For a long time, the way we understood motivation really worked. It built companies that would become corporate giants and household names; it made us—and our employees—work harder; it generated enormous profits. That model of motivation was this: pay people, and they’ll do what you want. For a long time, it seemed, people did do what was asked of them in exchange for money. And companies who pursued profits, it seemed, got them.
But right now, that model of motivation is making us miserable. It’s making businesses flounder; it’s making profits nosedive; it’s making employees despair of their jobs. Why?
Motivational speakers and authors Clayton Christensen and Daniel Pink have both arrived at similar but independent conclusions: thinking only in terms of percentages, the sole, dogged pursuit of profit at the expense of innovation have ruined some businesses forever.
This same concept holds true for individuals. If you’ve been choosing your career or jobs based on salary alone, you may find yourself on the fast track to unhappiness.

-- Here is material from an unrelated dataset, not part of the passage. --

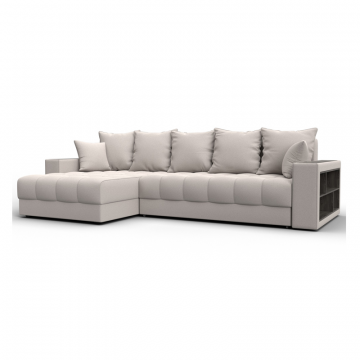 Диван угловой с декором и полкой Лига-050 НПБ,  JOLY 05 бежевый, Замша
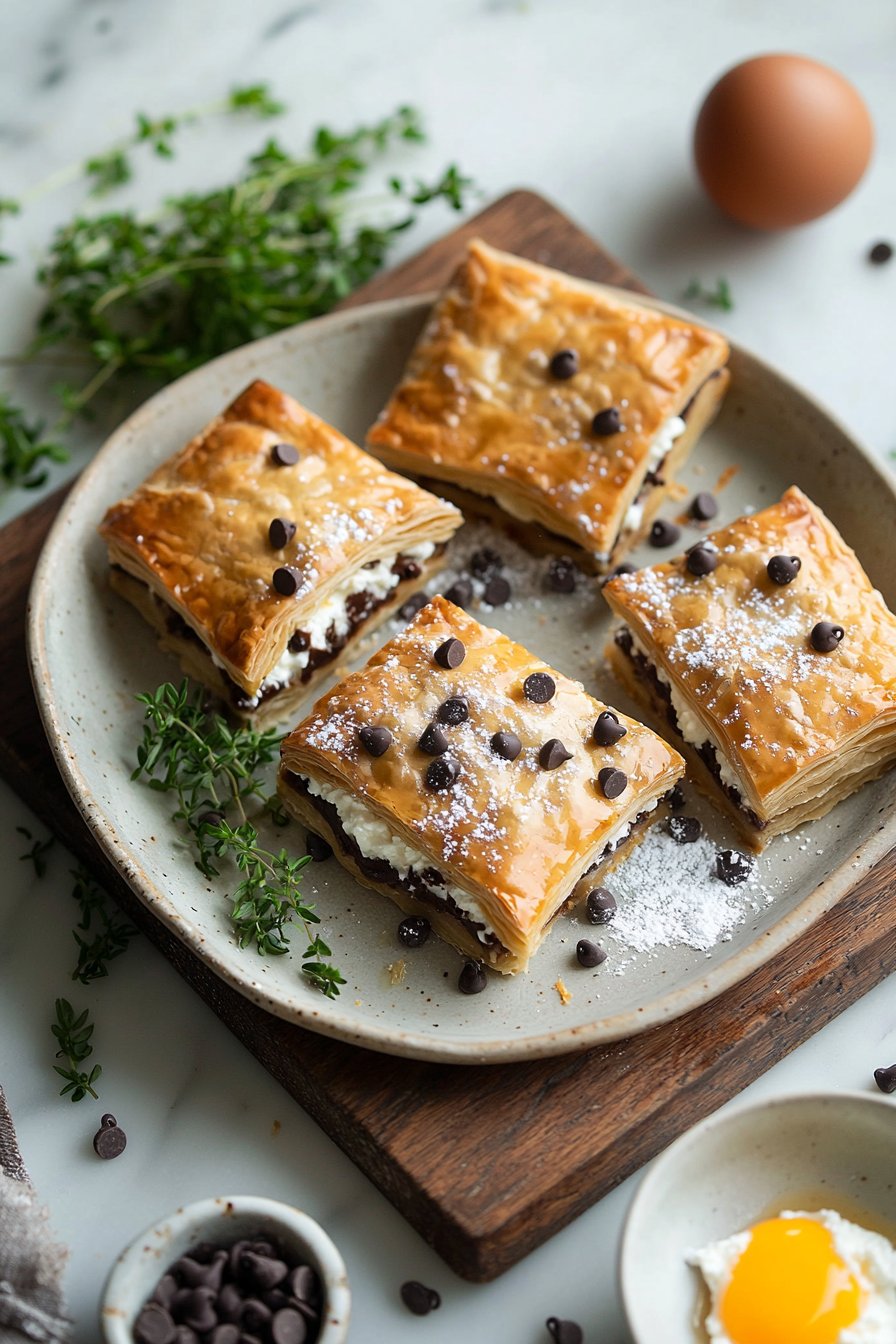 Ricotta Chocolate Chip Pastry Squares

Of course we want a salary that will pay our bills, put a roof over our heads, and provide for our loved ones; but selecting a 6-figure job without regard for other factors is blind, and a rather foolish mistake.

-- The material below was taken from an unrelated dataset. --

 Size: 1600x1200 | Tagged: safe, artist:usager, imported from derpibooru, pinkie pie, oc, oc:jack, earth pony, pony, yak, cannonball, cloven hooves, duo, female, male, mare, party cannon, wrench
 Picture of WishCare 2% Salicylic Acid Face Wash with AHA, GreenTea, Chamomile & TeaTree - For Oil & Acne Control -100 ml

Salary, or compensation, is considered a ‘hygiene factor’ a term first coined by Frederick Herzberg a psychologist who became one of the most influential names in business management. Additional ‘hygiene factors’ are things like the status of your position, the security of your job, working conditions, corporate policies, and managerial practices. If any of these things go awry, you’ll be dissatisfied, and rightly so. Fix these factors to your liking and you won’t be dissatisfied—but you might not be satisfied.
That’s where motivation factors come in. These are factors that will make you love your job. Instead of feeling indifferent or numb in the morning, you’ll feel, well, motivated. Pumped, psyched, “stoked” to get on the freeway and into your office. Motivation factors include challenging work, recognition, responsibility, and personal growth.
When you’re pondering a new position, think of life beyond the bottom line. Ask yourself questions like:
“Will this work be meaningful to me?”
“Will I learn new things?”
“Will I have a chance to be recognized for my achievements?
“Will I have a chance to achieve?”
So what do you need to do to have a career with meaning; with recognition; with abundant learning and knowledge? How do you cover all of the motivation (and hygiene) factors? It may be as simple as “ask, ask ask.” Ask yourself questions—what do you really want from your work? Motivation is deeply personal and only you know what words or images will resonate with you – design a new map if you need on to get you into that place of an intrinsically motivated job. It is my strong belief you align with your true motivation and you’re professional calling will soon follow.
May your next iteration be a fruitful and inspiring one—whatever turn it takes.